Zwei Salesianer Don Boscos an Covid-19 verstorben

Zwei hochbetagte Priester aus der Amstettner Niederlassung der Salesianer Don Boscos sind an Covid-19 verstorben. Auch mehrere weitere dort lebende Ordensleute sind mit dem Coronavirus infiziert, bestätigte Ordensprovinzial P. Petrus Obermüller am Ostersonntag gegenüber Kathpress.

20200414 Amstettenklein

Am Ostersonntag gab Provinzial P. Petrus Obermüller SDB den Verlust in der Seniorengemeinschaft bekannt. (c) SDB 

Die Mitbrüder seien in häuslicher Quarantäne, einer befinde sich jedoch weiterhin in kritischem Zustand im Krankenhaus. "Die Salesianer Don Boscos bitten um ihr Gebet und ihr wohlwollendes Mitgefühl in diesen schwierigen Zeiten", erklärte der Provinzobere.
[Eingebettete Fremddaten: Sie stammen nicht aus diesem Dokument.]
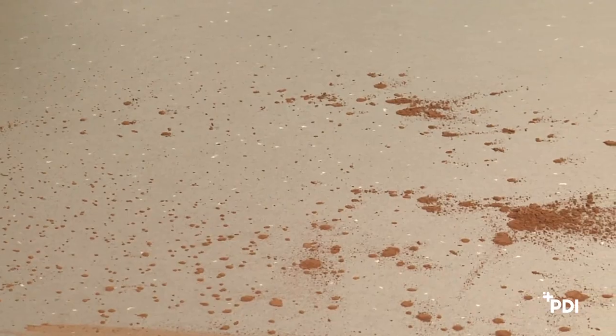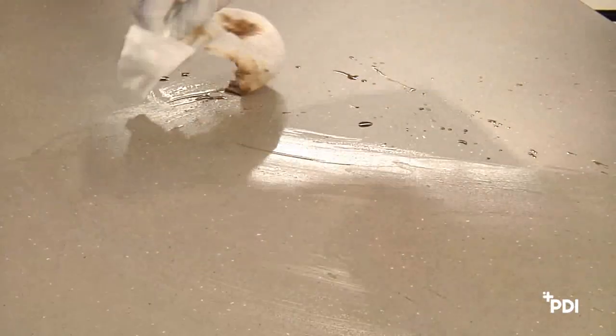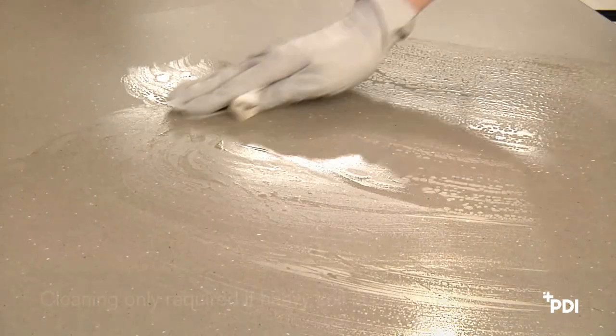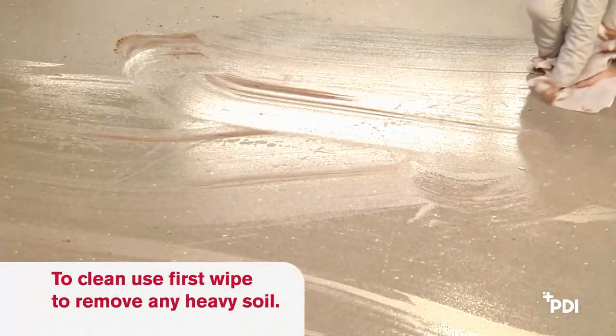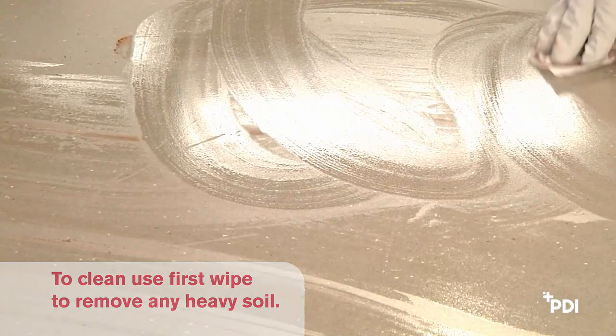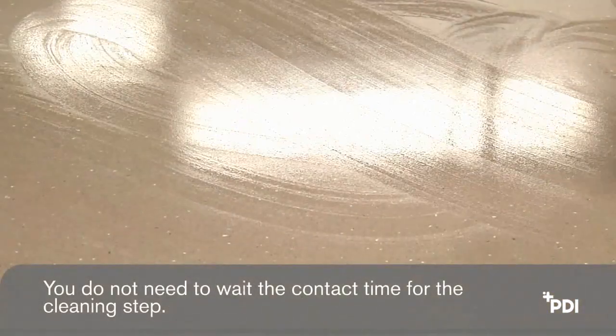Step 3: Cleaning. Before wiping a surface, determine if there is heavy soil present. If you can see dust, dirt, blood, or other organic material, you will need to clean prior to disinfection. This step is required only if heavy soil is present. Use the first wipe to remove any heavy soil from the surface, using more wipes if necessary. You do not need to wait the contact time for the cleaning step.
Die Salesianer des Hauses würden sich weiterhin streng an die üblichen Hygienevorschriften sowie an die Behördenanweisungen halten, erklärte P. Obermüller. Da alle Bewohner des Ordenshauses in Amstetten der Hochrisikogruppe zugehörten - vor einigen Jahren wurde hier eine Art "Altersheim" der nicht mehr als Pfarrer oder Jugendseelsorger aktiven Priester des Ordens eingerichtet - sei ein jüngerer Mitbruder, Br. Günter Mayer, für die Dauer der Quarantäne zu deren Versorgung entsandt worden.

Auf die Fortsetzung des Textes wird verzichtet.